Structurally, this is git for ETL pipelines. You configure your pipeline stages in YAML, those can be basically any executable. You can track runs and stuff. It's really not much more than a Makefile right now, but I like it.

I have a few more use cases I'd like to run this through and I think it may become slightly useful.

Current status

This repository implements the v1 command set from spec.md:

  • pakkun init
  • pakkun run [pipeline]
  • pakkun stages [pipeline-or-run]
  • pakkun status
  • pakkun show <ref>
  • pakkun mount <ref> <dir>
  • pakkun publish <ref> <path>
  • pakkun log [pipeline-or-run]
  • pakkun provenance <ref>
  • pakkun ui

The short command list undersells the current implementation somewhat. The repository also includes:

  • multiple runnable example projects under examples/
  • internal tests for CLI flows, config loading, refs, and example spec loading
  • content-addressed artifact storage with publish and provenance inspection
  • an experimental localhost web UI for browsing runs, artifacts, and provenance
  • pipeline inheritance with extends for shared build graphs
  • artifact reuse via inputs[].ref and built-in comparison steps via kind: assert

The main limits are about scope, not whether the basic workflow exists:

  • pakkun runs locally on the machine or CI runner that invokes it
  • metadata currently depends on the external sqlite3 binary
  • pakkun does not yet provide remote execution, hosted runners, or cross-job workflow orchestration

Experimental web UI

pakkun ui starts a localhost-only web interface for the current initialized project. The UI is intentionally scoped to the same local data model as the CLI:

  • overview of pipelines, aliases, latest runs, and failed steps
  • pipeline detail with declared steps and publish targets
  • run detail with per-step status, captured stdout/stderr, and manifest JSON
  • artifact detail with provenance, safe text previews, download, and publish

From an initialized project root:

By default it binds to 127.0.0.1 on a random free port and prints the URL.

Build

Requirements:

  • Go 1.26+
  • sqlite3 on PATH

Build the CLI:

The current implementation uses the local sqlite3 binary for metadata access, so that binary must be installed anywhere you run pakkun.

OpenBSD build and install notes for a server build box live in docs/openbsd-build.md.

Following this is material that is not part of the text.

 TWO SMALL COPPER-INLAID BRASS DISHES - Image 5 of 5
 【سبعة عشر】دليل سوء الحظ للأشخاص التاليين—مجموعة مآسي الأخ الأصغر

For a generic bare-repo hook pattern, see docs/post-receive-deploy.md.

CI usage

pakkun is suitable for CI today if you treat it as the project-local build graph and artifact/provenance layer.

A good fit looks like this:

  • your CI platform chooses the runner OS and machine
  • each job invokes pakkun run <pipeline>
  • final outputs are materialized with declared publish paths or explicit pakkun publish calls
  • pakkun log, pakkun show, and pakkun provenance are used for failure analysis

That means pakkun can already be used for:

  • release packaging jobs on Linux and Windows
  • reproducible plugin or docs build pipelines
  • local dogfooding of the exact commands that CI will later run

What pipe is not trying to be, at least in v1:

  • a CI hosting platform
  • a scheduler across multiple machines
  • a replacement for workflow-level matrix or fan-out/fan-in features

Quick start

The simplest runnable example lives in examples/text.

From the repository root:

go build -o ./pakkun ./cmd/pakkun

Then move into an example directory and use that binary against the local pipe.yaml in that directory:

cd examples/text
../../pakkun init
../../pakkun run text-demo
../../pakkun stages text-demo
../../pakkun show text-demo:upper/result
../../pakkun publish text-demo:upper/result ./build/result.txt
../../pakkun provenance text-demo:upper/result

What each command is doing:

  • pakkun init creates the local .pipe/ storage and metadata directory in the example folder.
  • pakkun run text-demo executes the named pipeline in dependency order.
  • pakkun stages text-demo shows the declared steps and outputs from pipe.yaml.
  • pakkun show text-demo:upper/result resolves the latest successful result artifact and shows where it is stored under .pipe/objects.
  • pakkun publish ... ./build/result.txt materializes that stored artifact back into a normal visible file.
  • pakkun provenance ... shows which run and step produced the artifact and which prior artifacts fed into it.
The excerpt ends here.